In entrambi i casi, l’algoritmo ha deciso per voi. O meglio, come il migliore dei maggiordomi, vi ha consigliato cosa scegliere. Consapevole che difficilmente deciderete di non seguire i suoi consigli. È una questione di fiducia. Così come nell’800 è il fideismo nei confronti della macchina a vapore che permette all’uomo di emanciparsi dal “fare”, allo stesso modo è il fideismo negli algoritmi che lo emancipa, duecento e rotti anni dopo, dall’atto del decidere.
Se le macchine sostituiranno chi fa e gli algoritmi chi decide, noi che ci stiamo a fare, al mondo?
Un esempio su tutti: lo scorso 7 maggio, alla vigilia delle elezioni inglesi, tutti gli investitori decidono improvvisamente di disfarsi di titoli di stato europei, soprattutto di bund tedeschi. Una vendita di massa, ha spiegato in una bella analisi Morya Longo sul Sole24Ore, causata dai «consueti movimenti automatici o semi-automatici dei tanti investitori quantitativi e computerizzati che reagiscono al primo stormir di fronda».

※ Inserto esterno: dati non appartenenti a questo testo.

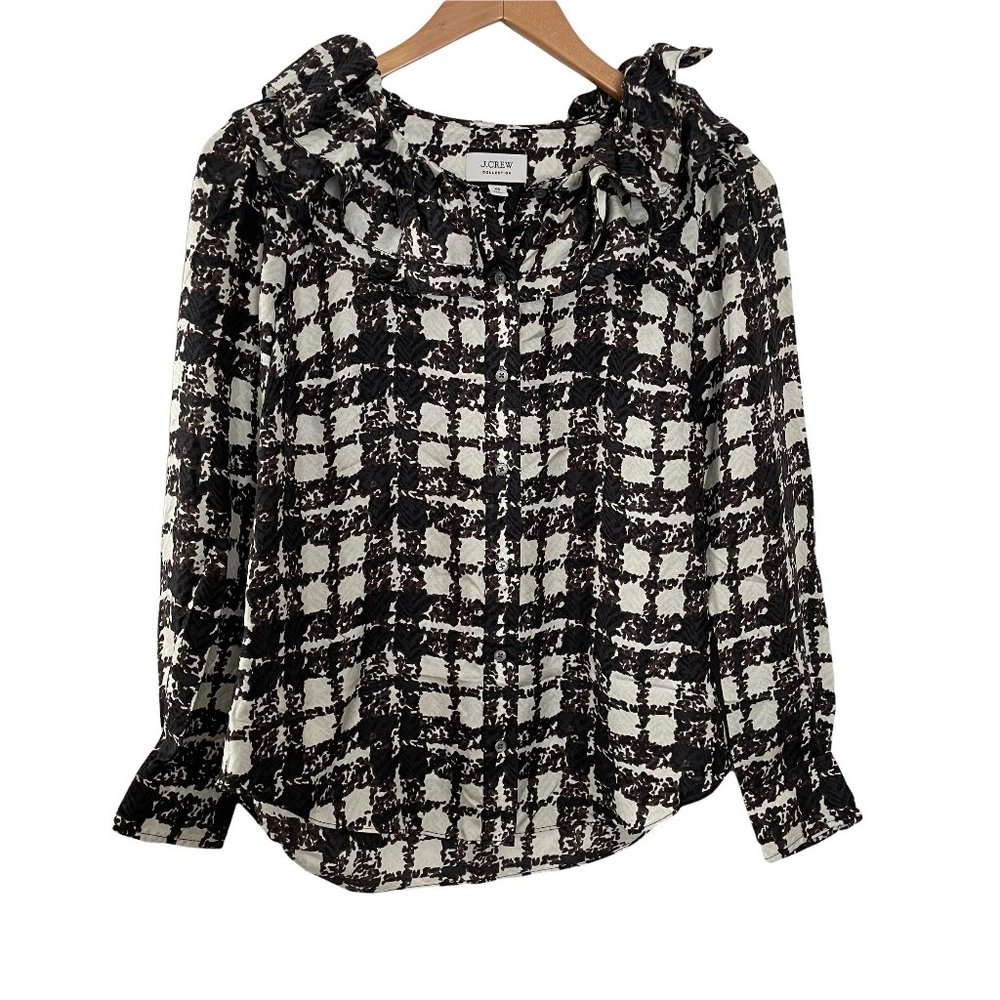 J Crew Collection Blouse XS Cream Brown Plaid Ruffle Collar Button Down Top Silk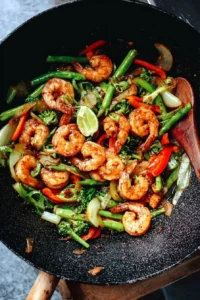 Easy garlic shrimp stir fry recipe with vibrant vegetables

In altre parole: ormai gli algoritmi – che tecnicamente sono «procedimenti che risolvono problemi» – stanno sostituendo la decisione umana nei più disparati campi. Algoritmi che mettono in contatto domanda e offerta – di case, di automezzi, finanché di credito – meglio di qualunque intermediario, algoritmi che traducono qualunque testo in qualunque lingua, algoritmi che scrivono i libri e i giornali che vorremmo leggere, che guidano le automobili al posto nostro, che decideranno, nel momento in cui si porra di fronte a loro questa scelta, se schiantarsi contro un palo o investire una persona in mezzo alla strada.

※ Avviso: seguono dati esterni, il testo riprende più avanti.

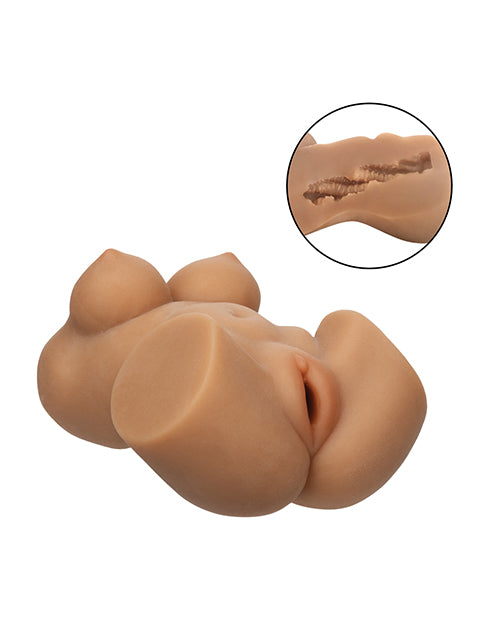 Cheap Thrills The Aerobics Instructor Stroker Caramel lifelike masturbator with realistic features.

Oggi parliamo di questo, nel nostro speciale domenicale. Soprattutto, vogliamo parlare della società che sta nascendo, attorno alla rivoluzione dell’algoritmo. Una società nella quale «quando avremo computer in grado di svolgere sempre più compiti, cambierà il nostro modo di concepire il lavoro». A dirlo è Larry Page, fondatore e ceo di Google, in una recente intervista pubblicata su Gq. «Non c’è modo di evitarlo», aggiunge. D’accordo: ma se le macchine sostituiranno chi fa e gli algoritmi chi decide, noi che ci stiamo a fare, al mondo?